Süddeutsche Zeitung 06.11.2024: Kritik zu DIE ZWÖLF GESCHWORENEN"

„Die zwölf Geschworenen“ im Münchner Zentraltheater: Das bessere Amerika als Gegenbild

Kritik von Egbert Tholl, München

geschworene szene webWährend der Aufführung kann man noch hoffen. Dieses Stück am Tag der Wahl in den USA zur Premiere zu bringen, ist schon ziemlich großartig, weil es ein Gegenbild zur Hysterie, zu den Lügen und Nichtwahrheiten zeigt, unter denen die amerikanische Gesellschaft ächzt.

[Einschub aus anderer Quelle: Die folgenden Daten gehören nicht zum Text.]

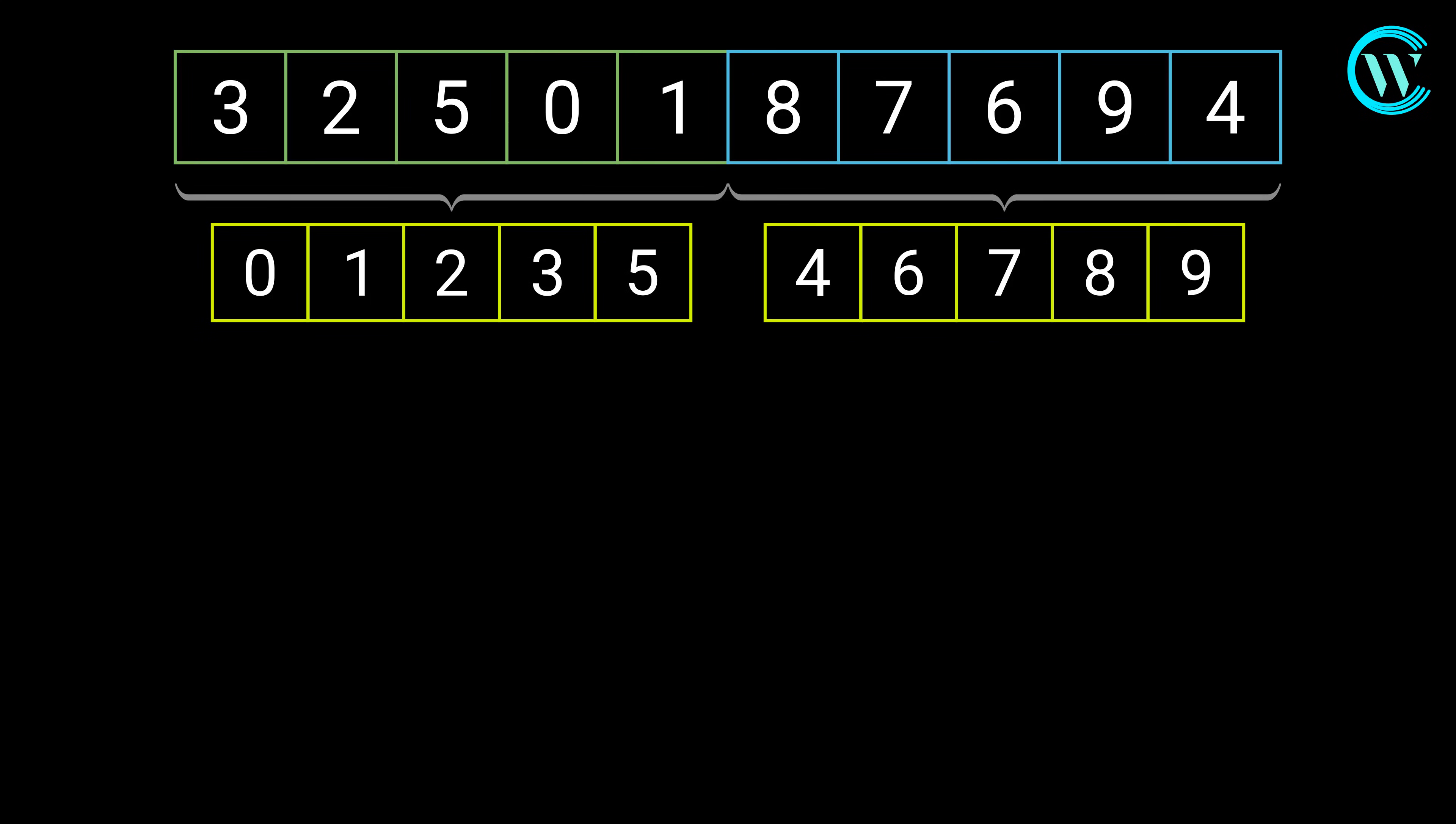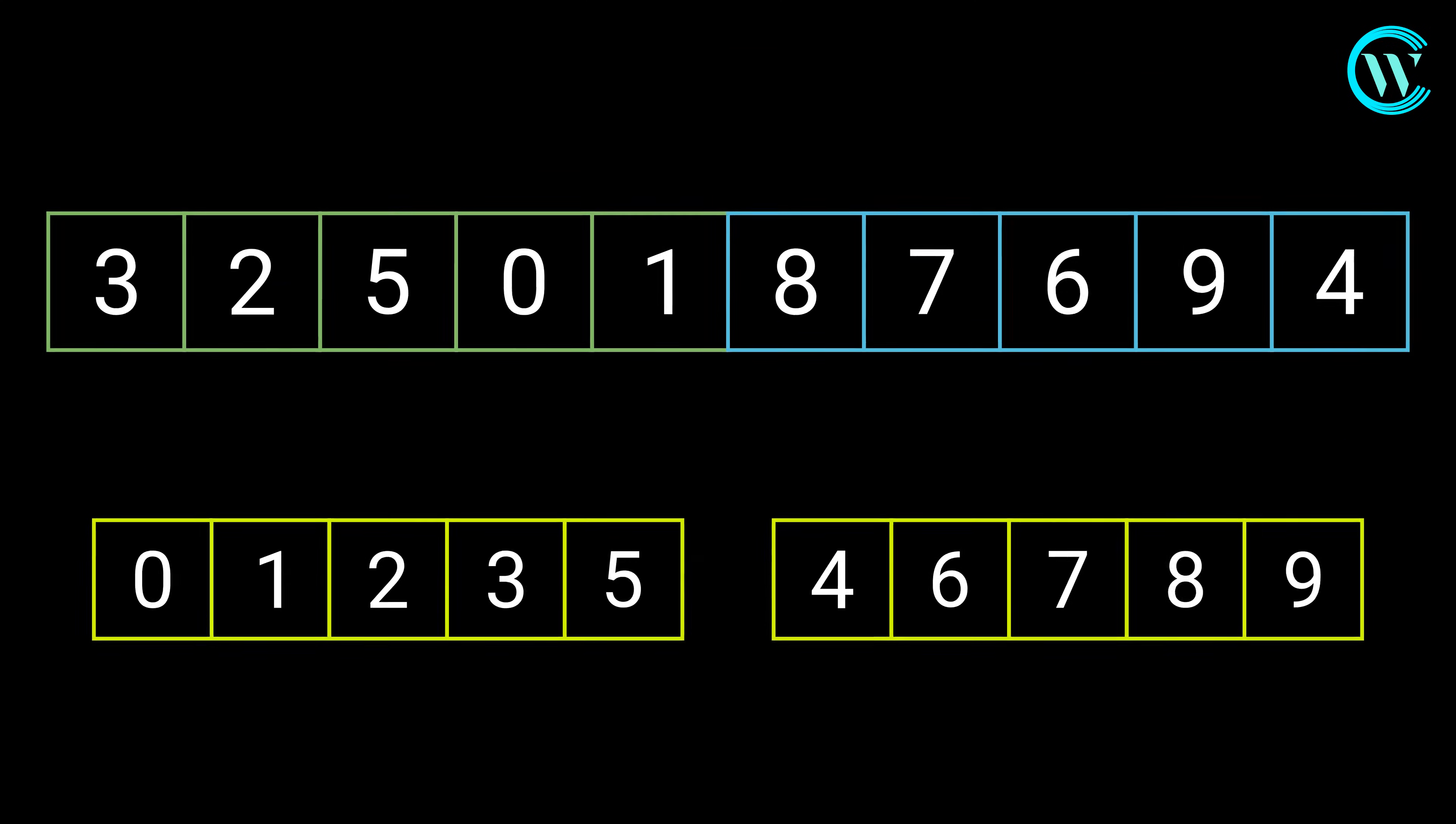Finally, both the left and right subarrays are sorted. Now let us merge the two into one sorted array to complete the merge sort.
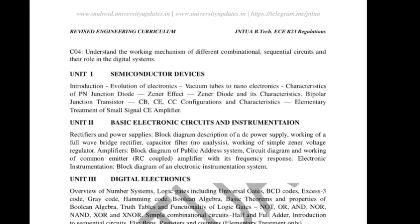Coming to 10-mark questions — Unit 1 10-mark or 5-mark questions. Two questions will come from Unit 1. Explain the PN junction diode characteristics with neat diagrams in forward bias and reverse bias, or explain the Zener diode VI characteristics. Any one question will come for 5 marks.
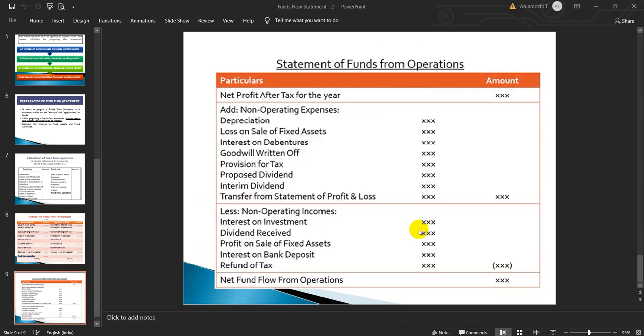I have shown you the funds from operation in T-form, as we have already seen. Now this is a statement form I have given you. Thank you.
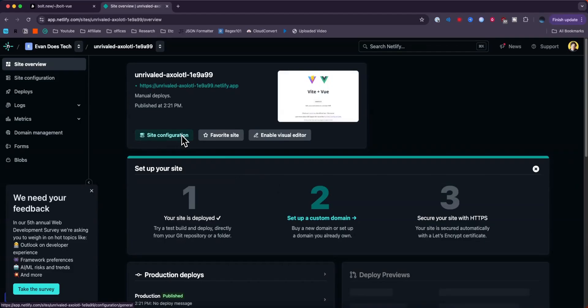So that is how you can quickly and easily deploy a Vue.js app with Bolt.new. If this video helped you guys out, please leave a like. But that's going to do for this video. Thank you so much for watching. And I hope this helped you out.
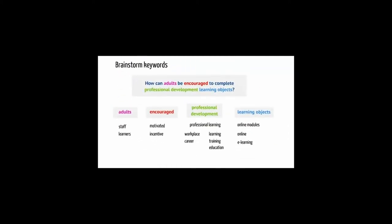Before you start searching for books or journal articles, it's useful to brainstorm keywords. Here is the problem in the form of a question: How can adults be encouraged to complete professional development learning objects? Pull out the most important words. These are your concepts.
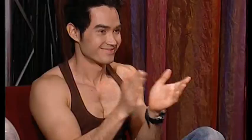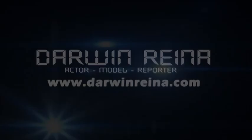Se merece un aplauso Darwin Reina. Thank you for more information from the Buh. We'll be right back.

Und denen sie sich offenbar willfährig ausliefert.  „Die zwölf Geschworenen“ sind ein ideales Beispiel dafür, wie Demokratie funktionieren kann, wie komplexe Sachverhalte im Reden darüber aufgedröselt werden können, wie Gruppendynamik funktioniert und wie das geht, mit Würde und Anstand miteinander umzugehen. Jetzt spielt Mara Widmann „Die zwölf Geschworenen“ im Zentraltheater. Und zwar alle zwölf. Ganz allein ist sie nicht, sie hat Dennis Kharazmi als partielles Gegenüber. Die Geschworenen aber ist sie ganz allein und liefert damit ein Bravourstück der Schauspielkunst.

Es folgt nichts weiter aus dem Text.